Paddy remembered how Bill Goldson, or W.G. as he was known, had been commissioned by the editor to do the portrait cartoon after some anniversary, Paddy’s first year or his second. The offer of the column had come in the same week that Paddy had officially been confirmed as divorced from Bridget and not long after he’d set up his private practice. One of his first clients had been the son of the deputy editor at the paper and the father had asked him whether he was interested in writing for them. There would be a trial period at first and there wasn’t much money. Paddy agreed to it because he thought it might help his business. Surprisingly the thing took off. There were a lot of letters to the editor as well as a steady stream of inquiries to use Paddy’s services. Having worked in hospitals, he’d had little more than a hunch about the market demand for more broad-based speech therapy. It happened that setting up his practice coincided with a growing anxiety among parents around their children’s abilities to communicate effectively. The question of whether it coincided with a matching increase in such problems was itself part of Paddy’s work. He did a lot of assessments that steered potential clients away from him into other more profitable areas for them, namely family guidance sessions, budgeting services, occasionally the family court. Still, soon he had a waiting list.

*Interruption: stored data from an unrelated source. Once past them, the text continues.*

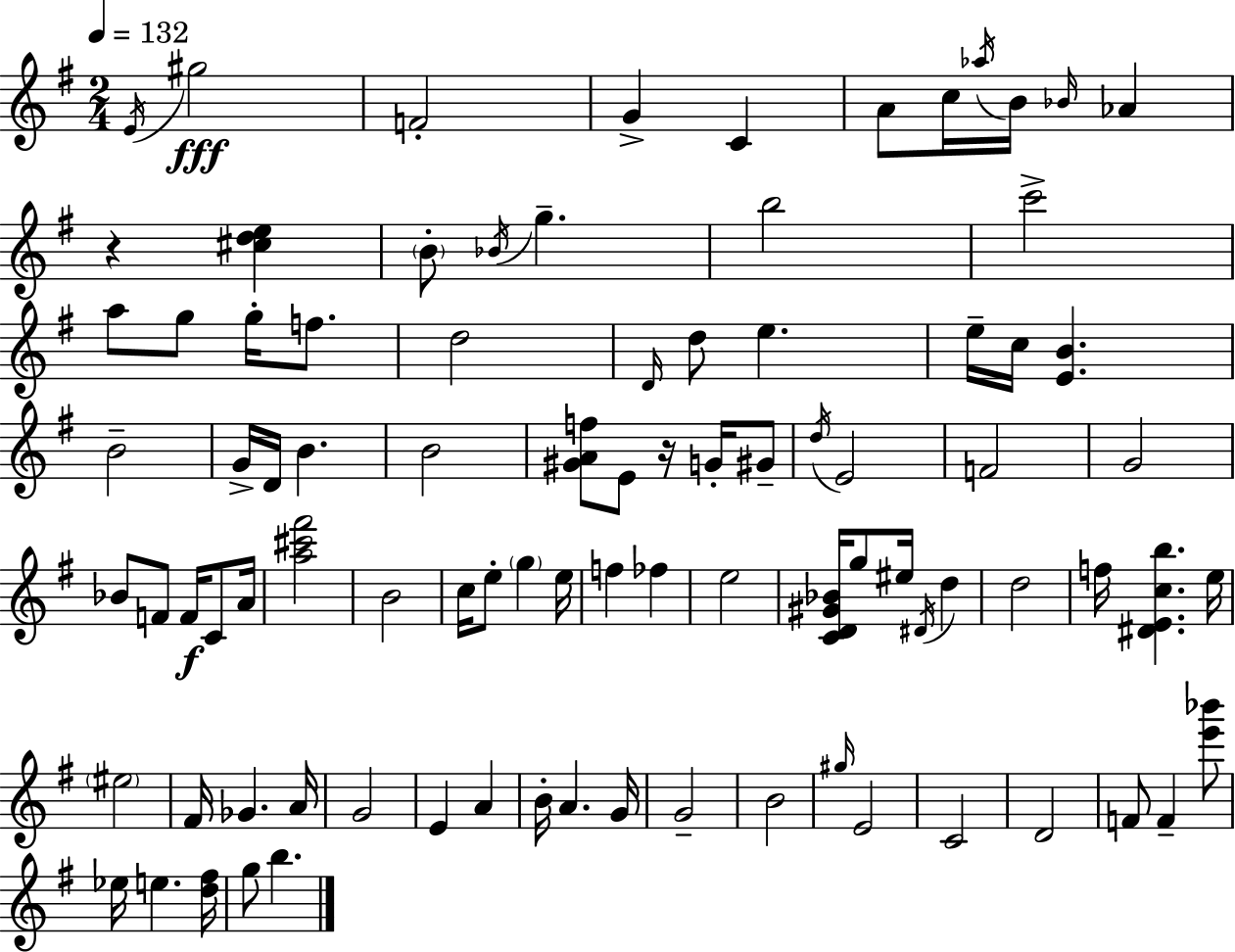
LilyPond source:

{
  \clef treble
  \numericTimeSignature
  \time 2/4
  \key e \minor
  \tempo 4 = 132
  \acciaccatura { e'16 }\fff gis''2 | f'2-. | g'4-> c'4 | a'8 c''16 \acciaccatura { aes''16 } b'16 \grace { bes'16 } aes'4 | \break r4 <cis'' d'' e''>4 | \parenthesize b'8-. \acciaccatura { bes'16 } g''4.-- | b''2 | c'''2-> | \break a''8 g''8 | g''16-. f''8. d''2 | \grace { d'16 } d''8 e''4. | e''16-- c''16 <e' b'>4. | \break b'2-- | g'16-> d'16 b'4. | b'2 | <gis' a' f''>8 e'8 | \break r16 g'16-. gis'8-- \acciaccatura { d''16 } e'2 | f'2 | g'2 | bes'8 | \break f'8 f'16\f c'8 a'16 <a'' cis''' fis'''>2 | b'2 | c''16 e''8-. | \parenthesize g''4 e''16 f''4 | \break fes''4 e''2 | <c' d' gis' bes'>16 g''8 | eis''16 \acciaccatura { dis'16 } d''4 d''2 | f''16 | \break <dis' e' c'' b''>4. e''16 \parenthesize eis''2 | fis'16 | ges'4. a'16 g'2 | e'4 | \break a'4 b'16-. | a'4. g'16 g'2-- | b'2 | \grace { gis''16 } | \break e'2 | c'2 | d'2 | f'8 f'4-- <e''' bes'''>8 | \break ees''16 e''4. <d'' fis''>16 | g''8 b''4. | \bar "|."
}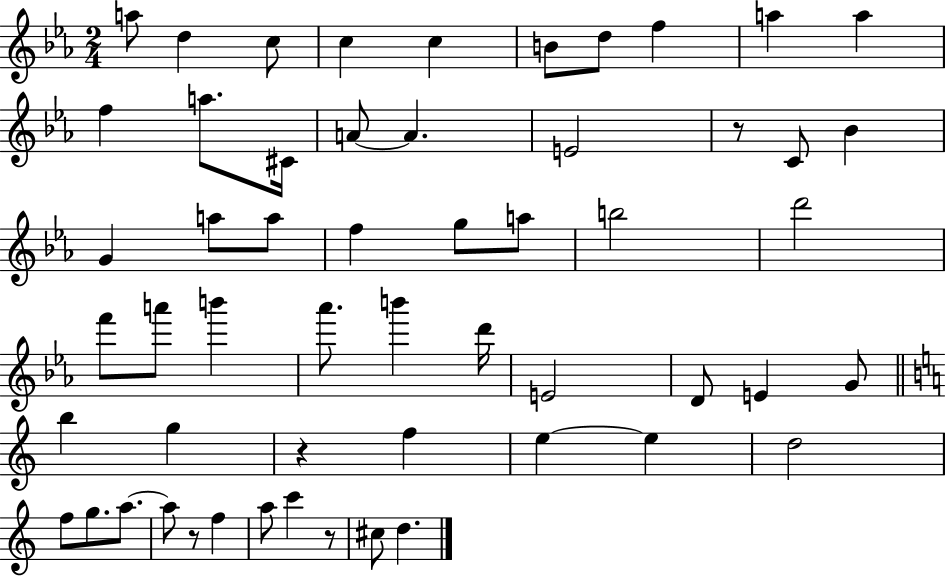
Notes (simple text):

A5/e D5/q C5/e C5/q C5/q B4/e D5/e F5/q A5/q A5/q F5/q A5/e. C#4/s A4/e A4/q. E4/h R/e C4/e Bb4/q G4/q A5/e A5/e F5/q G5/e A5/e B5/h D6/h F6/e A6/e B6/q Ab6/e. B6/q D6/s E4/h D4/e E4/q G4/e B5/q G5/q R/q F5/q E5/q E5/q D5/h F5/e G5/e. A5/e. A5/e R/e F5/q A5/e C6/q R/e C#5/e D5/q.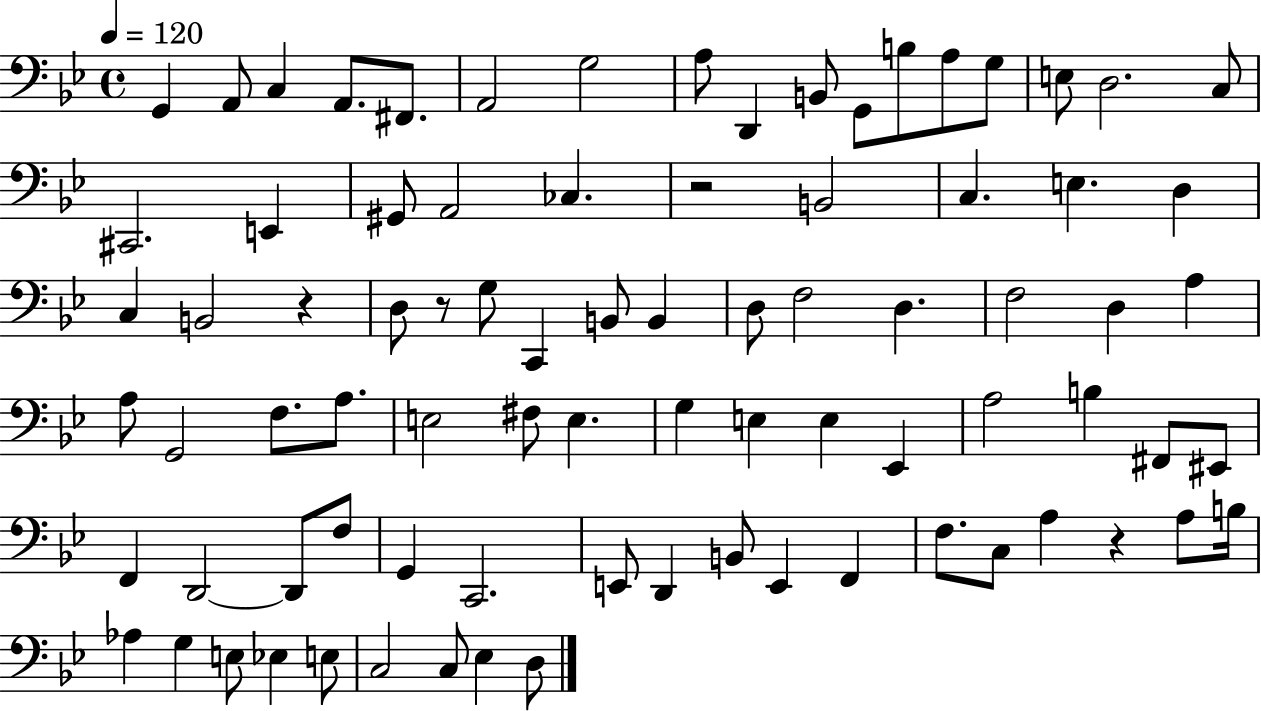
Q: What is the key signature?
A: BES major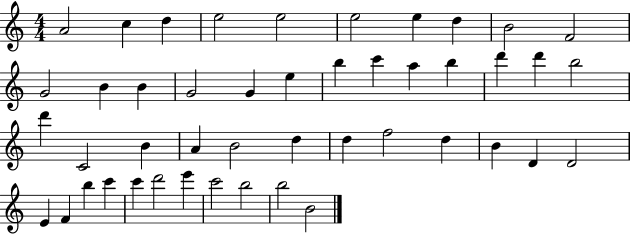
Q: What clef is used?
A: treble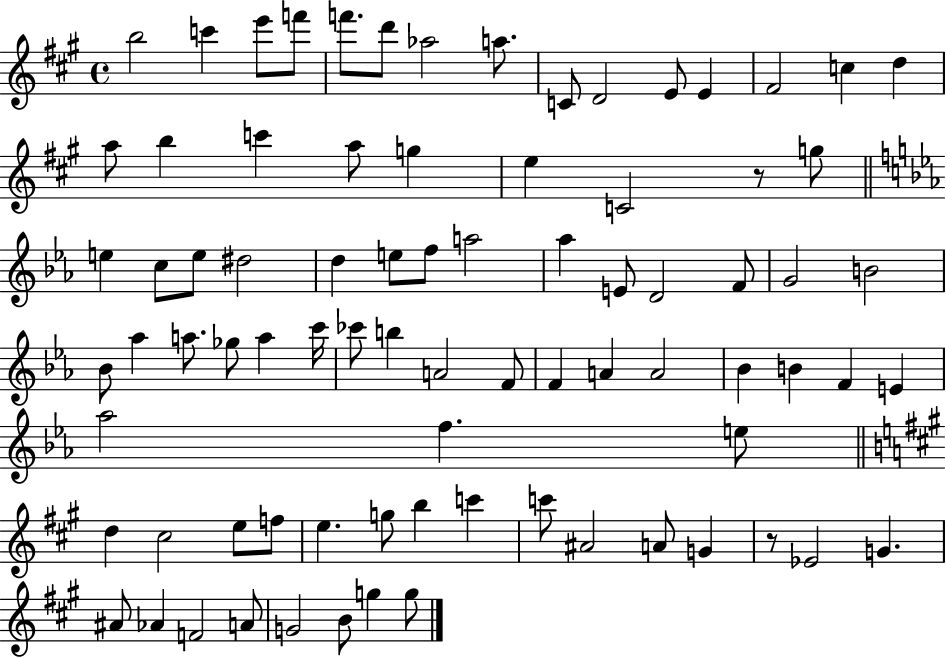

The letters to the editor waxed and waned though he was assured that in reader surveys the column continued to be very popular. Then he was asked if he wanted a portrait done. This honour usually went to retiring long-timers but there’d been a mini-exodus of star columnists and some shoring up was in order, even involving rather arcane contributors such as himself. They would also use the cartoon, in miniature form, alongside the column each time in a design revamp. There’d previously been nothing except the column name and a by-line. It was a little sweetener and Paddy was touched. In fact the true sweetening was for W.G., who was just then being wooed by their rivals. The commission for drawing the cartoons was foolishly generous, as W.G., breaking his own confidentiality clause, cheerfully informed Paddy during the little presentation ceremony at the pub. ‘I’ll buy you a drink or seven, Patrick,’ he said.
In one corner of the cartoon he’d drawn an object Paddy couldn’t identify.
‘Cards,’ said W.G. ‘Playing cards.’
‘But I don’t play cards.’
He pretended not to hear this. ‘They also represent your fate.’
‘What is my fate?’
‘It’s in the cards, Patrick,’ he said, moving off with his whisky. No one at the paper knew that Paddy’s nickname was Card; the coincidence wasn’t amazing and yet it was the one stupid aspect that he grew to like about the picture, this accident.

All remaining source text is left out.